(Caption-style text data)
--- START ---
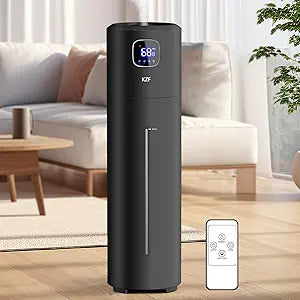 KZF 9L/2.5Gal Large Humidifiers for Bedroom, Ultrasonic Cool Mist Top Fill Humidifier with 350ML/H Large Mist Speed, Quiet Humidifier for Baby Home Plant Yoga Sleep Office (Round Black 9L)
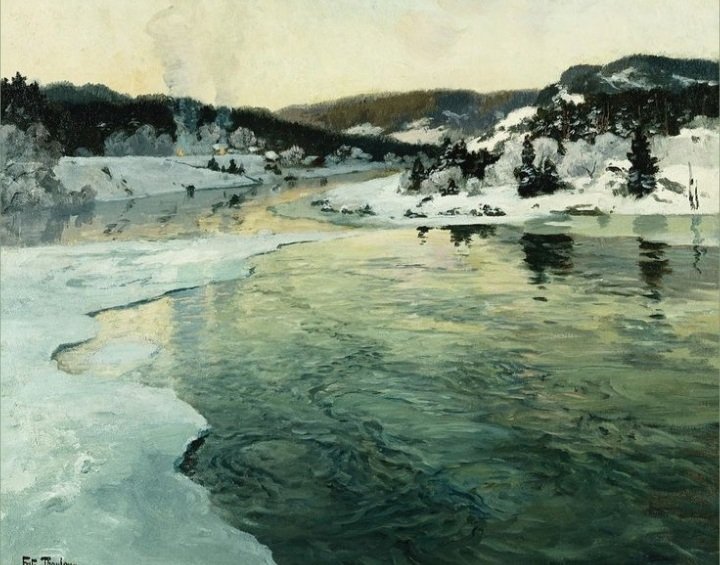 Frits Thaulow (1847-1906)
Un peintre d'eau vive, froide et douce.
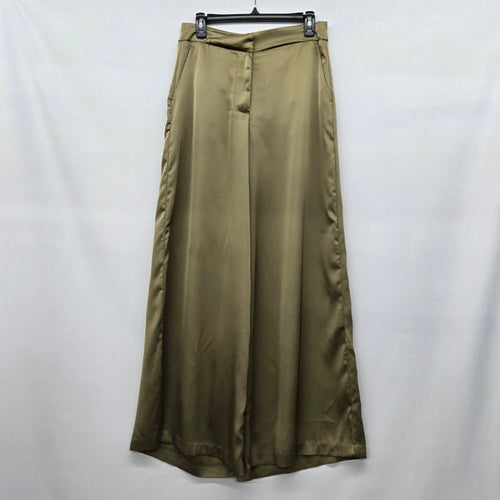 Dèluc Women’s Olive Satin Wide Leg Pants Size M NWT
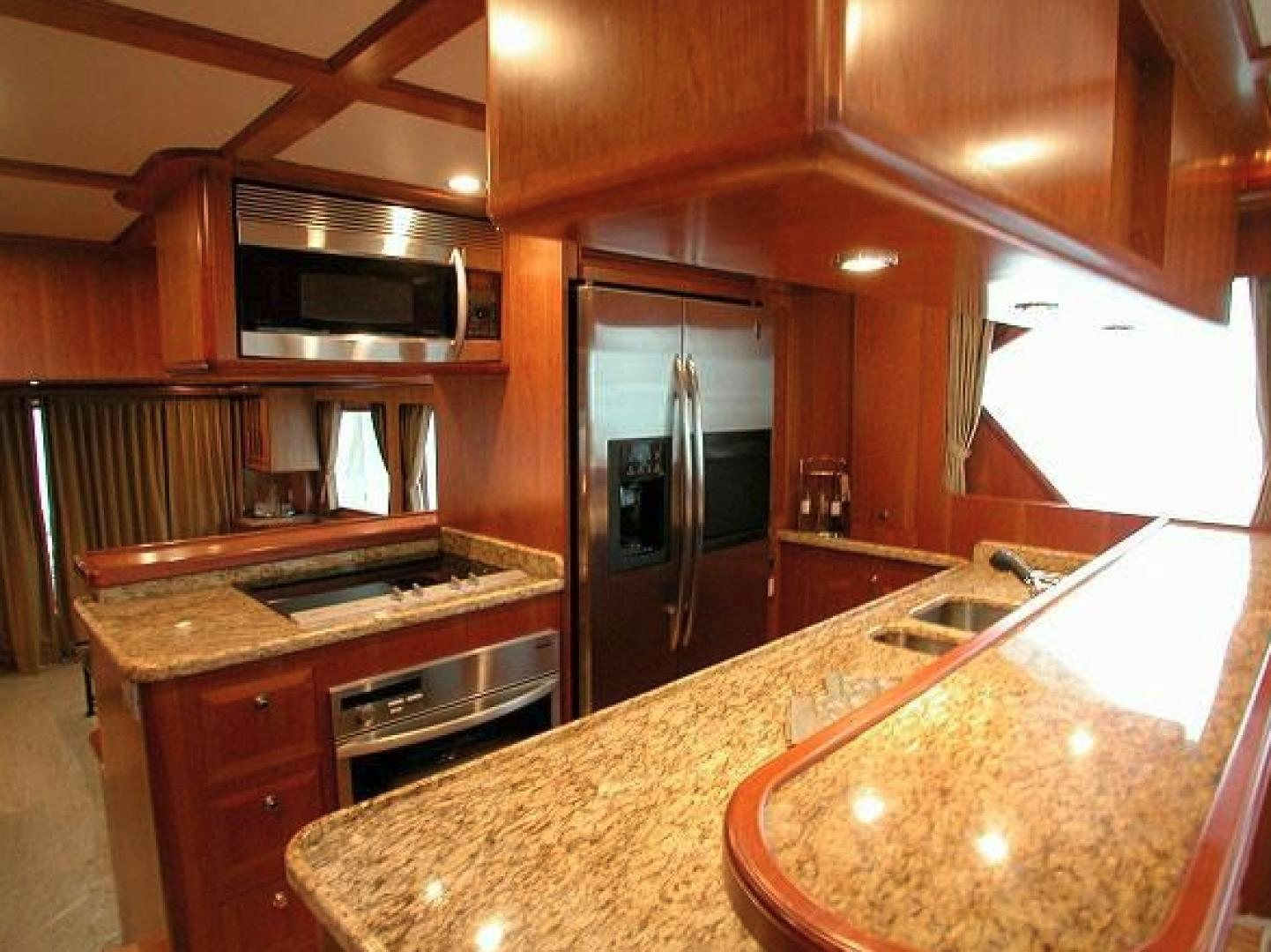 a kitchen with granite counter tops aboard No Name Yacht for Sale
--- END ---
» **Exercise aim**:
In the copy, leave out all pictures, and retype exactly each line from the one with "Frits Thaulow (1847-1906)" through the last line of the entries.

» **Result of this exercise**:
 Frits Thaulow (1847-1906)
Un peintre d'eau vive, froide et douce.
 Dèluc Women’s Olive Satin Wide Leg Pants Size M NWT
 a kitchen with granite counter tops aboard No Name Yacht for Sale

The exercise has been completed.